Court Opinion

ID: 9733900
Source: CourtListenerOpinion
Date Created: 2023-08-26 17:20:03.634514+00
Date Added: 2024-06-11T18:26:44.391582
License: Public Domain

*240ZAPPALA, Justice,
dissenting.
I dissent. The conclusion reached by the majority today is a mere aberration. What it gives with the left hand, it takes away with the right. While concluding that the common law defense of entrapment is available in administrative proceedings, the majority then permits the conduct in question to be used against the entrapped party to blacken his character and revoke his license. In the area of administrative licensing proceedings, the defense of entrapment would not only fail to serve any useful purpose in the distorted manner it is applied to the instant facts, but further would frustrate the intended purpose behind both the statutory and common law rationales underlying the defense. Following the logic of the majority, in licensing procedures, where character or general fitness to hold the license is always a factor in disciplinary proceedings, the availability of the defense of entrapment as permitted by the majority, is totally illusory since the licensee is now faced with the “Hobson’s choice” of either complete denial (and therefore foregoing the defense) or interposing the entrapment defense which, as in this situation, concedes that he has committed the crime even though entrapped. Implicit in this concession is the further admission that by virtue of this event, the licensee lacks the requisite character to hold the license he is attempting to preserve.

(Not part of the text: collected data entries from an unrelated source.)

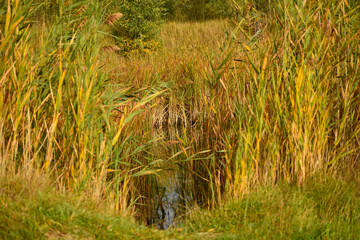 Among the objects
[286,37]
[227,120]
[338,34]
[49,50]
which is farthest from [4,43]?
[338,34]

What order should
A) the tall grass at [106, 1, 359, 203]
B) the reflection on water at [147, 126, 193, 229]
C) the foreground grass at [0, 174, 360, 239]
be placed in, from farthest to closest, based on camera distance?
the reflection on water at [147, 126, 193, 229], the tall grass at [106, 1, 359, 203], the foreground grass at [0, 174, 360, 239]

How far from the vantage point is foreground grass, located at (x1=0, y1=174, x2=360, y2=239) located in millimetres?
2570

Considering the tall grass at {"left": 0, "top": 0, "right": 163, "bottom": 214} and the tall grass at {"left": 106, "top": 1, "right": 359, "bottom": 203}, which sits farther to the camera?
the tall grass at {"left": 106, "top": 1, "right": 359, "bottom": 203}

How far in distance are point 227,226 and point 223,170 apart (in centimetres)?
71

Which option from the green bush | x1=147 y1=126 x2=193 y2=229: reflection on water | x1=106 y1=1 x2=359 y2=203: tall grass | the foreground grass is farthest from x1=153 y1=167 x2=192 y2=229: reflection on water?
the green bush

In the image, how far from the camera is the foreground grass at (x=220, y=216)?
2.57 meters

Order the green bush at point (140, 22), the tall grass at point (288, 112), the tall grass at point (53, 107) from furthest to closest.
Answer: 1. the green bush at point (140, 22)
2. the tall grass at point (288, 112)
3. the tall grass at point (53, 107)

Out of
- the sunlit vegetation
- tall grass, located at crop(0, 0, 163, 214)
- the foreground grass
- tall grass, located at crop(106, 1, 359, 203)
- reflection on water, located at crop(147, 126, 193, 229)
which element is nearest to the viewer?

This holding is shallow at best. The majority points out, two elements which are necessary before the entrapment defense can be interposed. They are that (1) the defendant is not disposed to commit the crime and (2) that police conduct likely to entrap the innocently disposed is present. Majority Opinion at page 5 citing Commonwealth v. Conway, 196 Pa.Super. 97, 173 A.2d 776 (1961). If the licensee proves the two elements necessary to sustain the defense, it is not for us to then penalize him based upon the act conceded when it was shown that he was not predisposed to commit that act. Any finding of bad character of one who was not predisposed to commit the act is necessarily tainted. In addition, to allow this result would frustrate the *241purpose for allowing such a defense, namely, to restrain law enforcement officials from instigating crime. I find this totally illogical and unwarranted. I would hold that in the administrative licensing area, proof of the defense of entrapment would be a complete bar to both the offense and the revocation of a license based solely on the character or fitness of the licensee as reflected by that specific factual situation. To hold otherwise, as the majority does today, is not only an exercise in futility, but also opens the policing of licensees to the abuses of officials which the defense of entrapment was intended to protect against. If the defense is to be permitted, it must be embraced with all its policy and implications. I therefore dissent.